→ Excerpted data
※
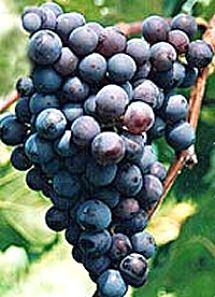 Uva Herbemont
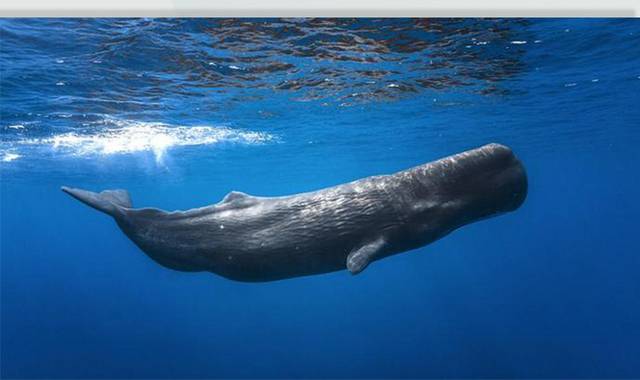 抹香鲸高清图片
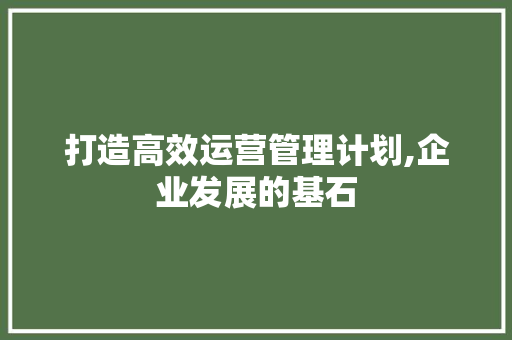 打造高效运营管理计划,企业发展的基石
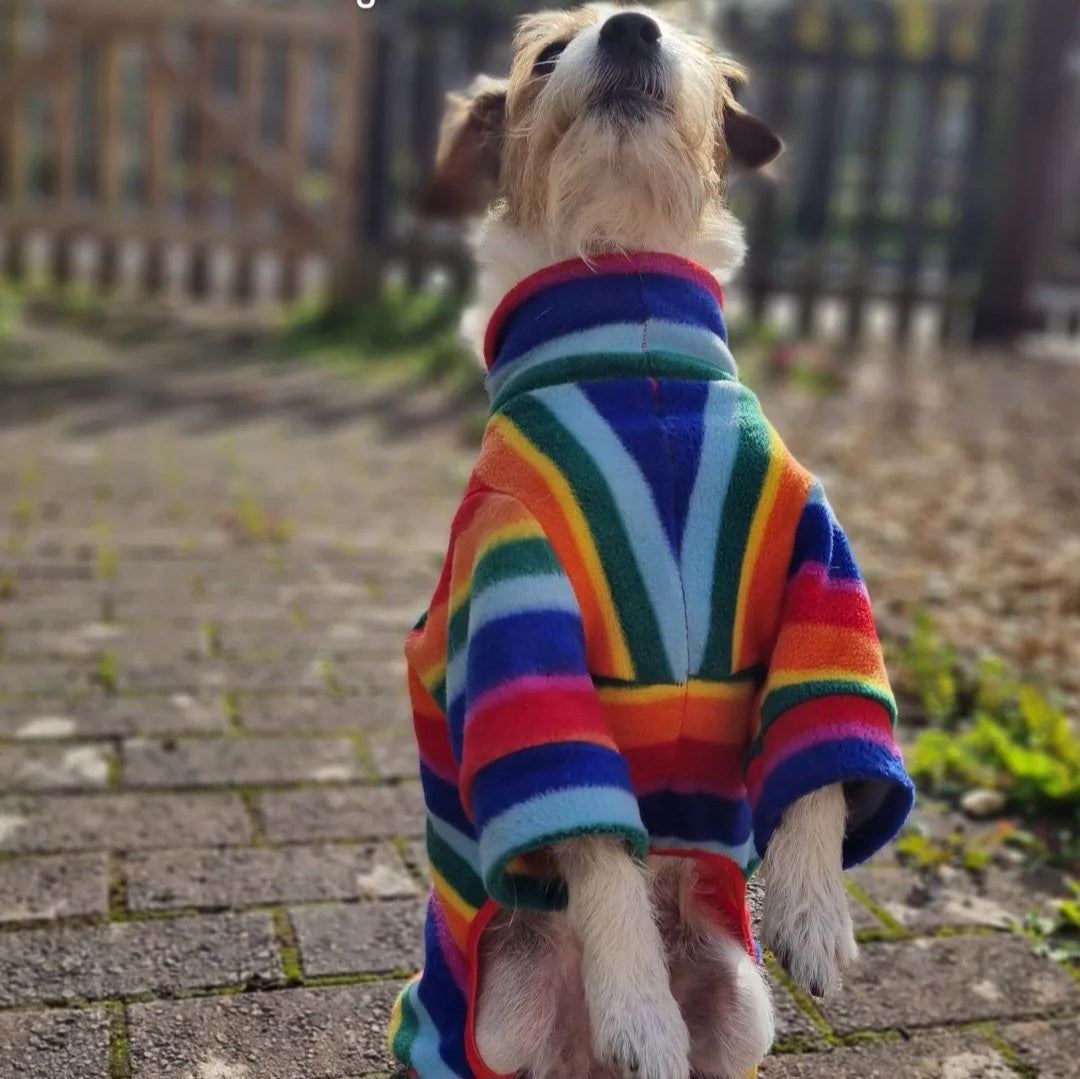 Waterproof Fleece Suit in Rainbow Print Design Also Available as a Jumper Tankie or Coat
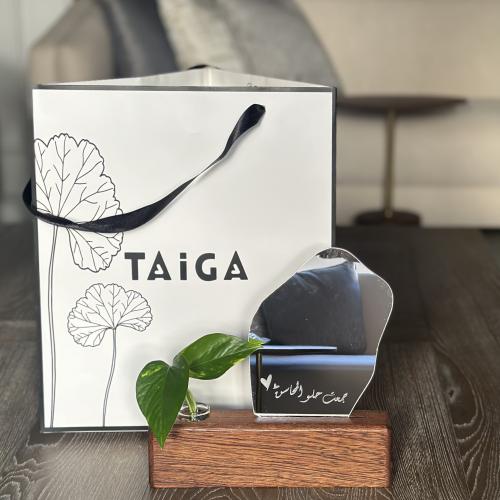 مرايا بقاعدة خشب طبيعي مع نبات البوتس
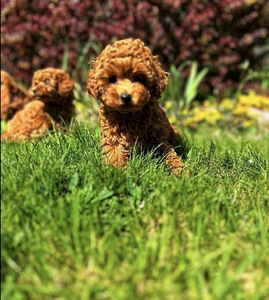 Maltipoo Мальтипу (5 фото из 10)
※
→ What the task asks
Transcribe exactly the line containing "Waterproof Fleece Suit" and every line after it through the end of the listing above; pictures are not part of the copy.

→ Written response
 Waterproof Fleece Suit in Rainbow Print Design Also Available as a Jumper Tankie or Coat
 مرايا بقاعدة خشب طبيعي مع نبات البوتس
 Maltipoo Мальтипу (5 фото из 10)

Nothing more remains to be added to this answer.